Posted 30 June, 2026
AI Infrastructure Lead Architect
London, United Kingdom
Full Time
YOU ARE
As a Lead and Principal Infrastructure Architect, you own end-to-end responsibility for designing optimized compute infrastructure for large-scale AI and machine learning systems, including large-scale distributed training environments.
You are the authority who translates business goals, SLAs, and client standards into infrastructure architectures that perform at scale while being deliberately engineered for cost-efficiency. Drawing on deep experience, you weigh multiple viable solutions for any given problem - across compute, networking, storage, orchestration, and model serving - and make rational, well-justified architectural decisions tailored to each client's situation, constraints, and standards. You architect and optimize the full computational stack for performance, power, cost, and scalability; design and tune large-scale GPU clusters and distributed training systems; and ensure infrastructure meets security, compliance, and regulatory requirements.
As the recognized AI infrastructure expert in at least one hyperscaler cloud (such as AWS, Azure, or Google Cloud), you bring authoritative knowledge of that platform's AI/ML services, accelerators, networking, and cost levers, and apply it to deliver best-in-class solutions. Beyond design, you set technical direction and standards, lead and mentor engineers and architects, partner with clients and stakeholders to shape the infrastructure roadmap, and are ultimately accountable for delivering AI/ML infrastructure that meets business SLAs, controls cost, and scales to enterprise and frontier workloads.
THE WORK
As a Lead and Principal Infrastructure Architect, you own end-to-end responsibility for designing optimized compute infrastructure for large-scale AI and machine learning systems, including large-scale distributed training environments.
You are the authority who translates business goals, SLAs, and client standards into infrastructure architectures that perform at scale while being deliberately engineered for cost-efficiency. Drawing on deep experience, you weigh multiple viable solutions for any given problem - across compute, networking, storage, orchestration, and model serving - and make rational, well-justified architectural decisions tailored to each client's situation, constraints, and standards. You architect and optimize the full computational stack for performance, power, cost, and scalability; design and tune large-scale GPU clusters and distributed training systems; and ensure infrastructure meets security, compliance, and regulatory requirements.
As the recognized AI infrastructure expert in at least one hyperscaler cloud (such as AWS, Azure, or Google Cloud), you bring authoritative knowledge of that platform's AI/ML services, accelerators, networking, and cost levers, and apply it to deliver best-in-class solutions. Beyond design, you set technical direction and standards, lead and mentor engineers and architects, partner with clients and stakeholders to shape the infrastructure roadmap, and are ultimately accountable for delivering AI/ML infrastructure that meets business SLAs, controls cost, and scales to enterprise and frontier workloads.
THE WORK
- Own the end-to-end architecture and design of optimized compute infrastructure for large-scale AI/ML systems, including large-scale distributed training environments, from concept through delivery.

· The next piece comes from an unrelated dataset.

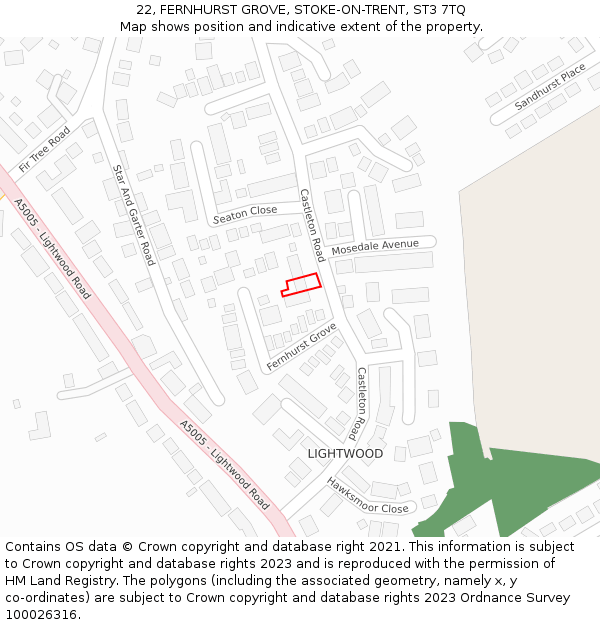 22, FERNHURST GROVE, STOKE-ON-TRENT, ST3 7TQ: Location map and indicative extent of plot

- Develop and evaluate architecture alternatives, weighing trade-offs across compute, networking, storage, orchestration, and model serving to make rational, well-justified decisions tailored to each client's situation and standards.
- Lead architecture assessments and reviews of existing and proposed environments, identifying gaps, risks, bottlenecks, and optimization opportunities, and recommending remediation.

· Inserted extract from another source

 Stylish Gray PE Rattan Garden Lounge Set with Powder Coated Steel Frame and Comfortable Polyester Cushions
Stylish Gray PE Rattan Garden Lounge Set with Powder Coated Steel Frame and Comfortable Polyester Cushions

- Drive architectural decision-making, documenting rationale, trade-offs, and assumptions so decisions are transparent, defensible, and aligned with business SLAs and standards.

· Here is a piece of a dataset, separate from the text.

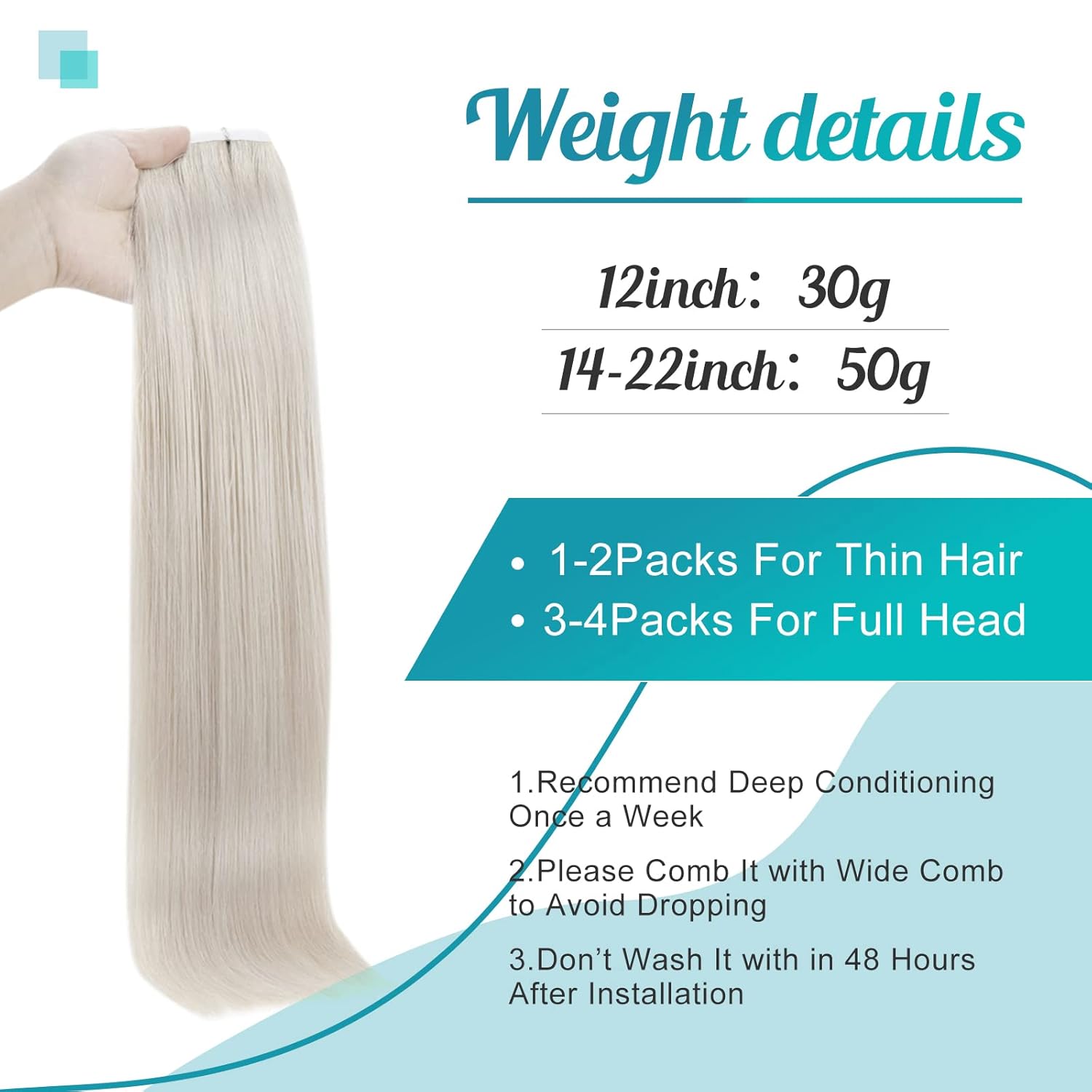 Fshine Extensiones de cabello humano Remy con cinta adhesiva, color rubio blanco, extensiones de cabello natural, sedosas, lacias, rubias, suaves y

- Define and maintain the AI infrastructure roadmap, planning capacity, scaling, and technology evolution in step with business and product goals.
- Architect and optimize the full computational stack for performance, power, cost, and scalability, ensuring infrastructure meets business SLAs while being deliberately engineered for cost-efficiency.
- Design and tune large-scale GPU clusters and distributed training systems, including accelerator selection, interconnect/networking, and storage for high-throughput training workloads.
- Serve as the authoritative AI infrastructure expert in at least one hyperscaler cloud (AWS, Azure, or GCP), applying deep knowledge of its AI/ML services, accelerators, networking, and cost levers.
- Design deployment, automation, and CI/CD strategies for reliable, repeatable, and scalable releases of AI systems, models, and data pipelines into production.
- Establish AI monitoring and observability strategy across InfraOps and MLOps, defining SLAs, SLOs, alerting, and performance/cost tracking, and driving continuous optimization.
- Integrate AI/ML systems into enterprise environments, ensuring interoperability, security, compliance, and adherence to regulatory and client standards.
- Lead capacity planning and cost modeling, forecasting compute needs and engineering cost-efficiency into the architecture without compromising performance.
- Collaborate with clients, stakeholders, and engineering teams to align infrastructure decisions with business outcomes, translating requirements into actionable architecture and standards.
- Set technical direction, standards, and best practices, mentoring engineers and architects and leading design and code reviews across the team.